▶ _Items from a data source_
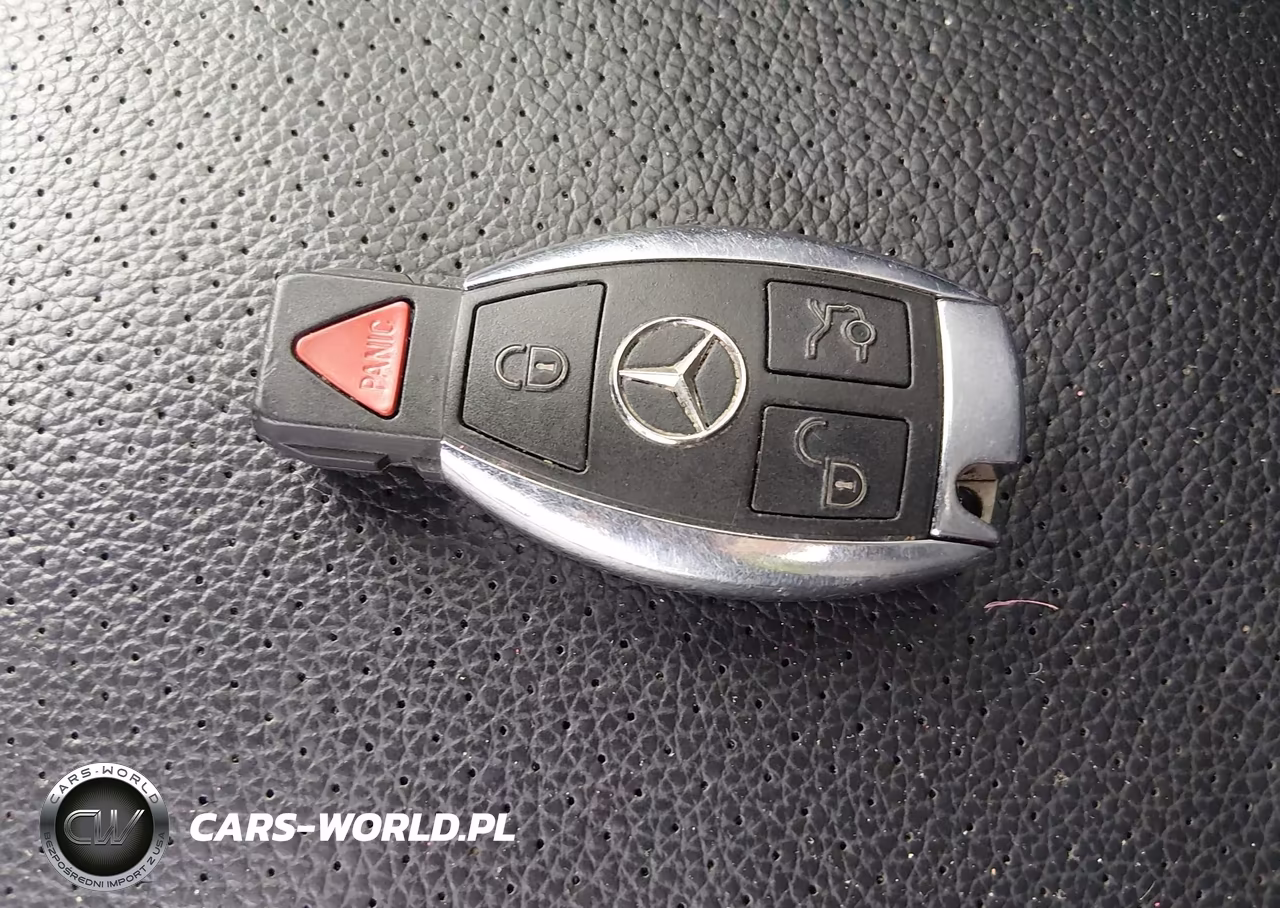 2014 Mercedes-Benz C 250 Sport VIN:WDDGF4HB3ER308766 - 11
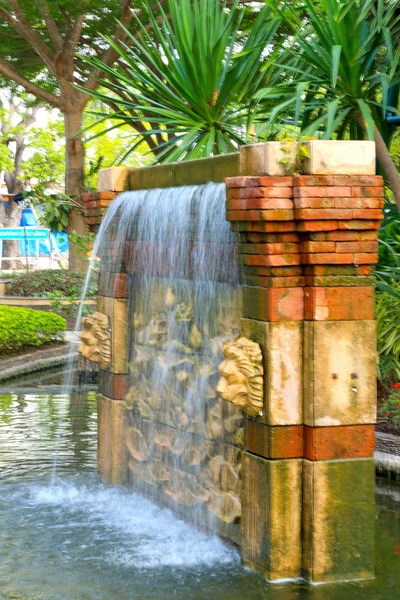 Felsen Wasserfall Garten Dekor — Stockfoto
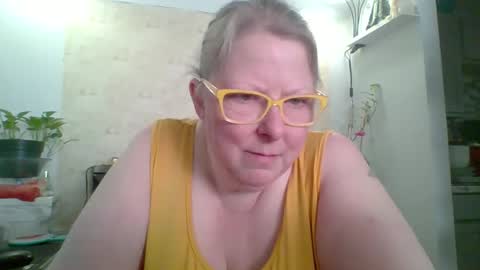 ivyjane3522 online show from May 23, 10:30 am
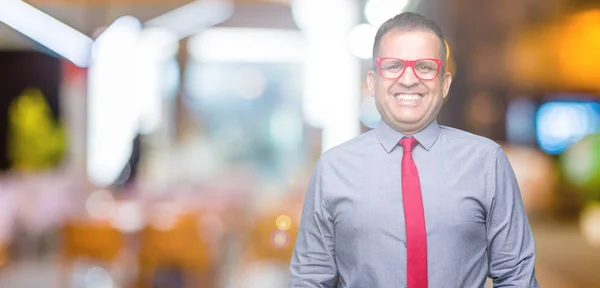 Medelåldern Arabiska Mannen Bär Mode Röda Glasögon Över Isolerade Bakgrund — Stockfoto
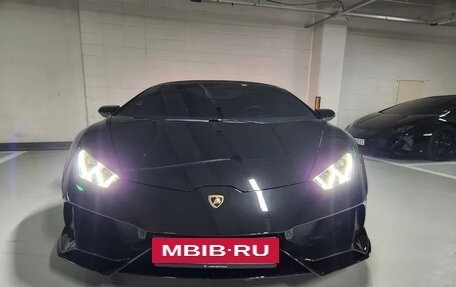 Lamborghini Huracán, 2023 год, 42 500 000 рублей, 3 фотография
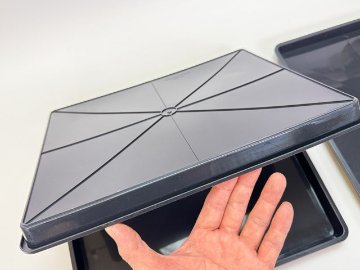 ★不規則まだら模様※深＊園芸ハーフトレイ(プレステラ90型ハーフトレイ対応)・育苗箱ハーフ・かごトレーハーフ等に使える受け皿＊深型(底面給水)幅36×奥29×高2.5(cm)※空受皿(ソーサー)1枚の画像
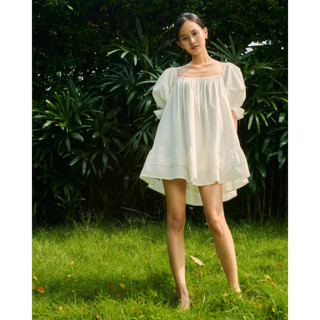 WHITE BY NHI - Đầm babydoll tay bồng cổ chữ U xếp nếp - BÔNG DRESS
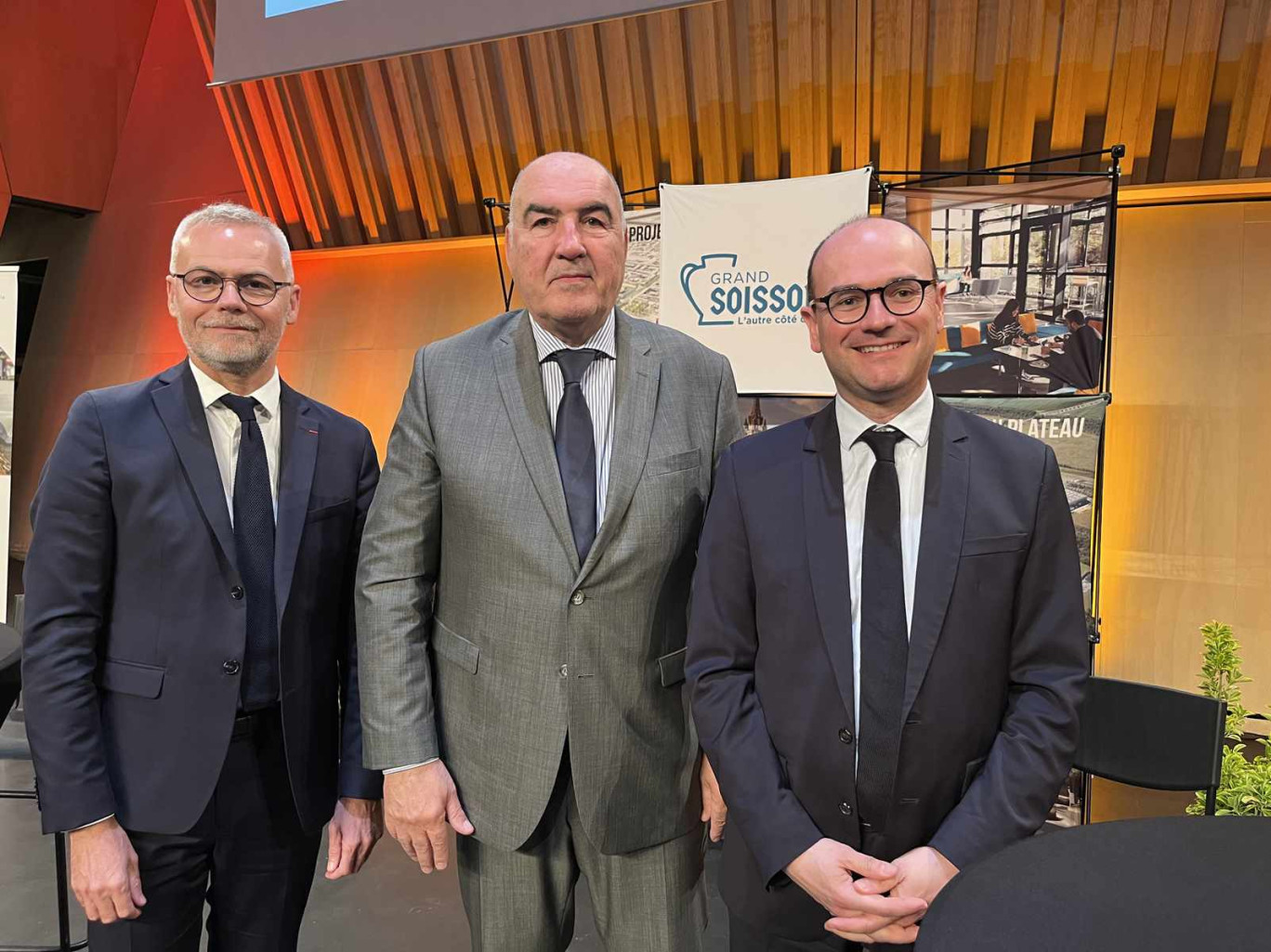 Christophe Bouillon, président de l'Agence nationale de cohésion des territoires, Alain Crémont, président de GrandSoissons et Sébastien Martin, président d'Intercommunalités de France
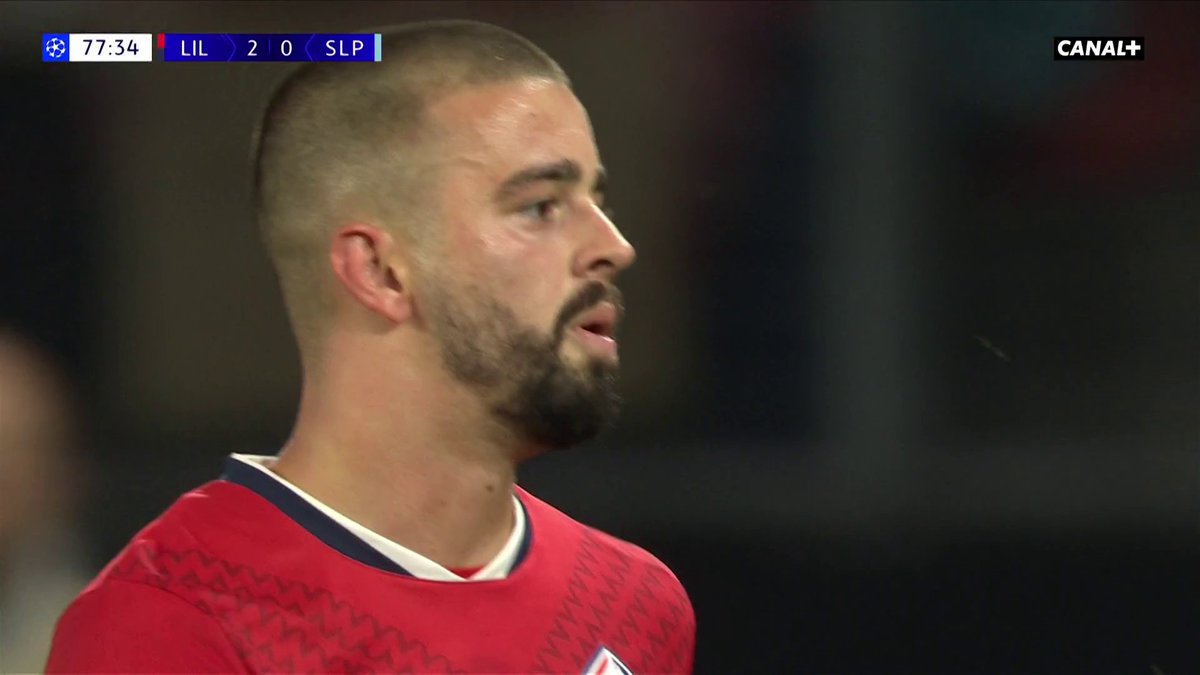 ZHEGROVA FAIT LE BREAK POUR LE LOSC FACE AU SLAVIA PRAGUE ! ⚽️❤️🤍 Quel joueur, quel talent. 🤤 🎥 CANAL+ Foot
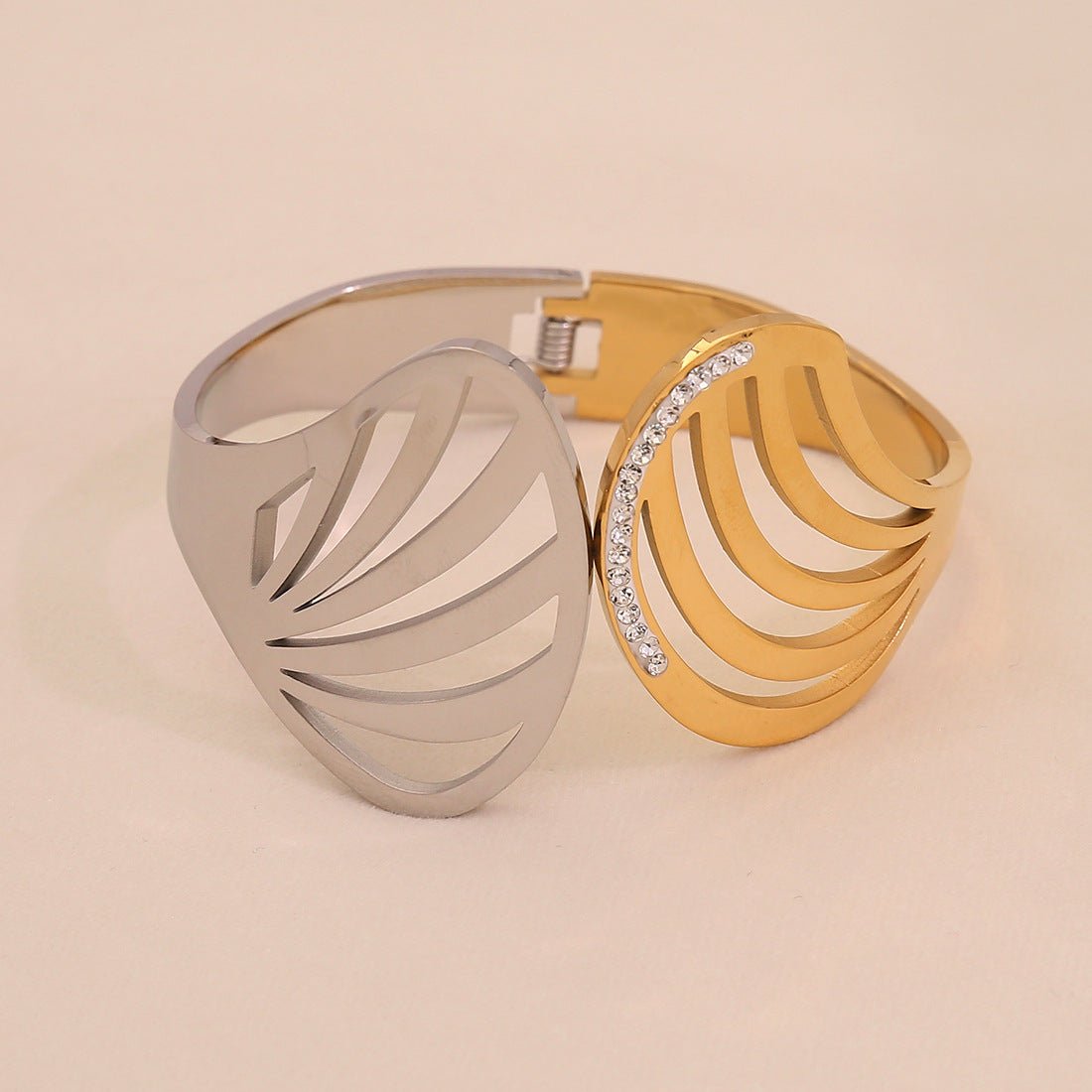 Gold And Gold Double Hollow Bracelet Exaggerated Geometric Stainless Steel Jewelry B627
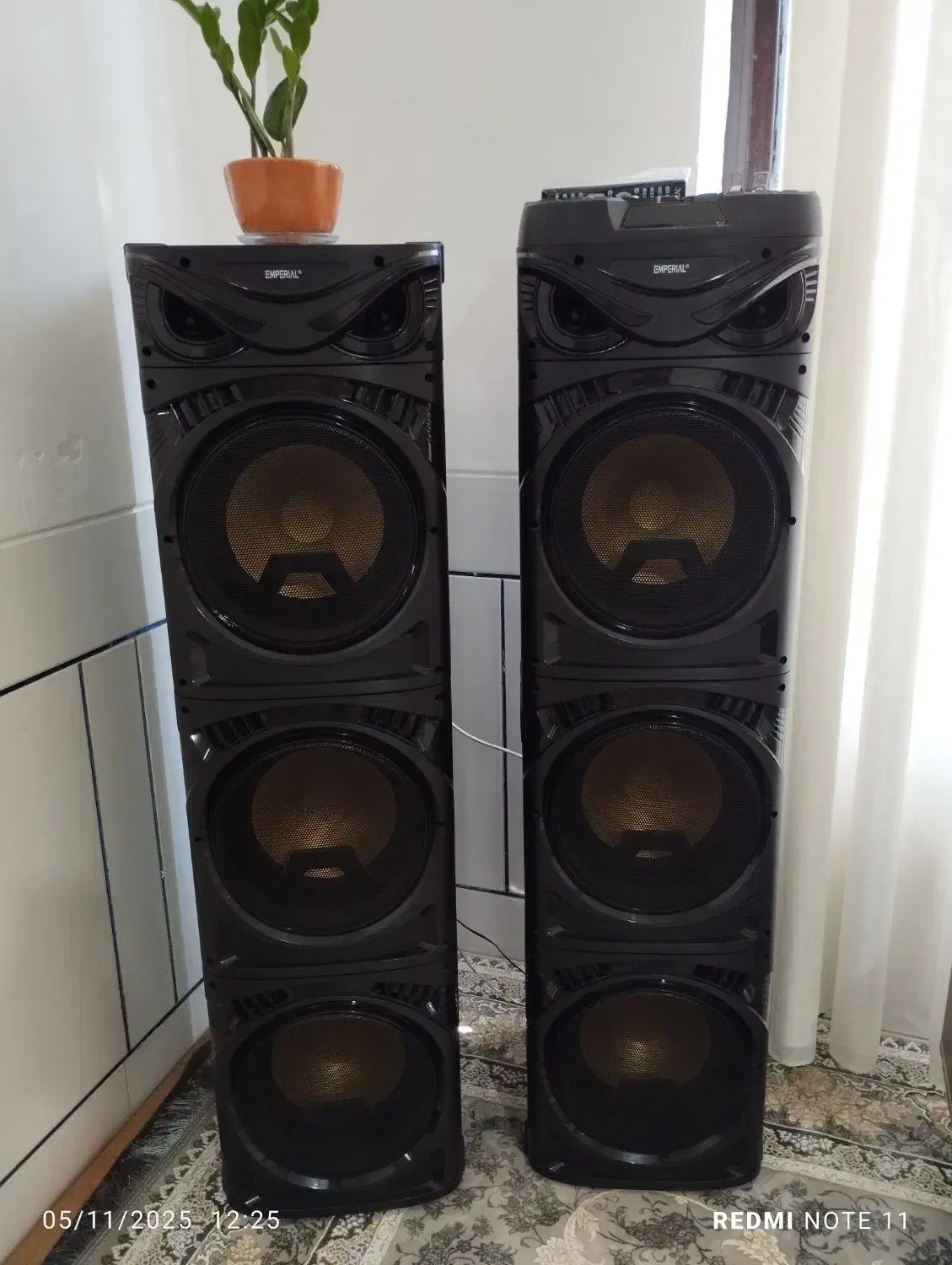 اسپیکر دوقلو بزرگ|سیستم صوتی خانگی|مرودشت, بیست متری بیمارستان|دیوار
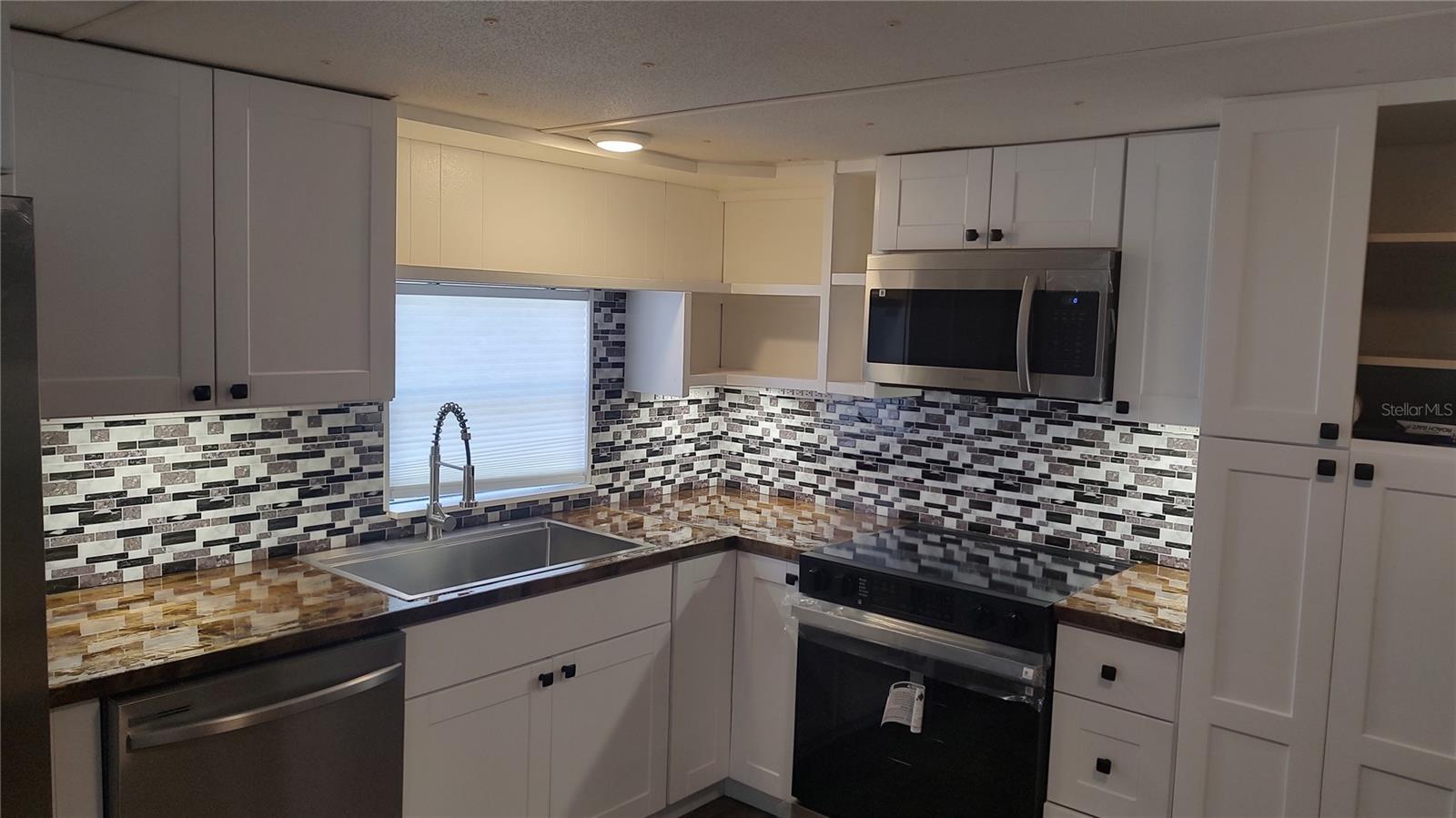 EAST COVE UNIT 01 - Residential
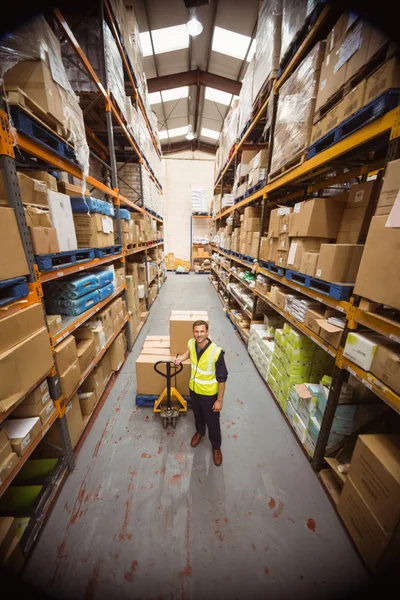 Trabajador con carro de cajas — Foto de Stock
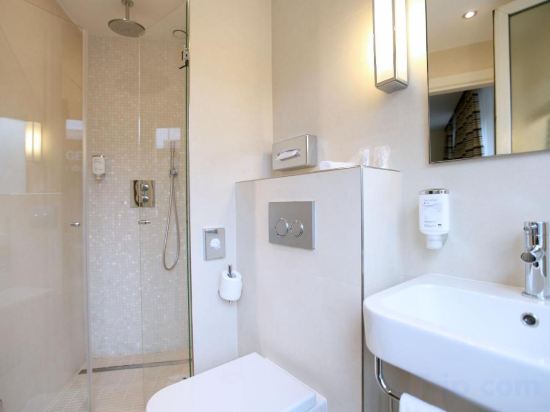 Фото Hotel Waldorf Montparnasse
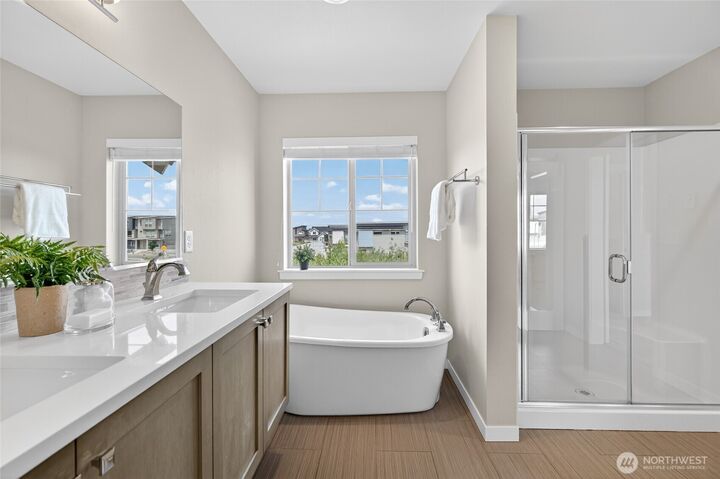 Property Photo:  704  Springside Lane  WA 98226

▶ _What you have to do_
Retype the lines above exactly as they appear, from the line containing "Medelåldern Arabiska Mannen" through the line containing "EAST COVE UNIT 01 - Residential", and leave out any pictures.

▶ _Expected output_
 Medelåldern Arabiska Mannen Bär Mode Röda Glasögon Över Isolerade Bakgrund — Stockfoto
 Lamborghini Huracán, 2023 год, 42 500 000 рублей, 3 фотография
 ★不規則まだら模様※深＊園芸ハーフトレイ(プレステラ90型ハーフトレイ対応)・育苗箱ハーフ・かごトレーハーフ等に使える受け皿＊深型(底面給水)幅36×奥29×高2.5(cm)※空受皿(ソーサー)1枚の画像
 WHITE BY NHI - Đầm babydoll tay bồng cổ chữ U xếp nếp - BÔNG DRESS
 Christophe Bouillon, président de l'Agence nationale de cohésion des territoires, Alain Crémont, président de GrandSoissons et Sébastien Martin, président d'Intercommunalités de France
 ZHEGROVA FAIT LE BREAK POUR LE LOSC FACE AU SLAVIA PRAGUE ! ⚽️❤️🤍 Quel joueur, quel talent. 🤤 🎥 CANAL+ Foot
 Gold And Gold Double Hollow Bracelet Exaggerated Geometric Stainless Steel Jewelry B627
 اسپیکر دوقلو بزرگ|سیستم صوتی خانگی|مرودشت, بیست متری بیمارستان|دیوار
 EAST COVE UNIT 01 - Residential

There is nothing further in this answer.